GO Central recommends that GAF annotations are made to genes, that is 1:1 equivalents. In GOA (and consequently in QuickGO) annotations are made to proteins, and there may be multiple proteins per gene, sometimes representing different isoforms. You will see this reflected in different numbers for mouse annotations for example.

This is a very important difference, one that users can see when comparing UIs, but more importantly, it is about the underlying datasets and whether a gene-centric or protein-centric worldview is chosen.

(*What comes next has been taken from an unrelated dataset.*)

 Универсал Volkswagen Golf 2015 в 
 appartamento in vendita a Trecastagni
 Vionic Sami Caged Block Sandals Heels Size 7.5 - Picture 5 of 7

Additionally, GO Central omits the majority of the sequences and IEA [electronic] annotations from UniProtKB from the weekly database builds due to the large size of the data set. For those species with a dedicated authoritative database group, such as Drosophila, mouse or Saccharomyces, UniProtKB annotations are collected and submitted by the dedicated group, and hence the UniProtKB IEA annotations for these species do appear in the GO database. As an NHGRI funded resource, GO Central focuses on annotations that elucidate human genes or genes of relevance to human health in some way. GO Central also includes plants, as well as the 200 genomes of the "Quest for Orthologs" project. More datasets will be supported depending on available resources.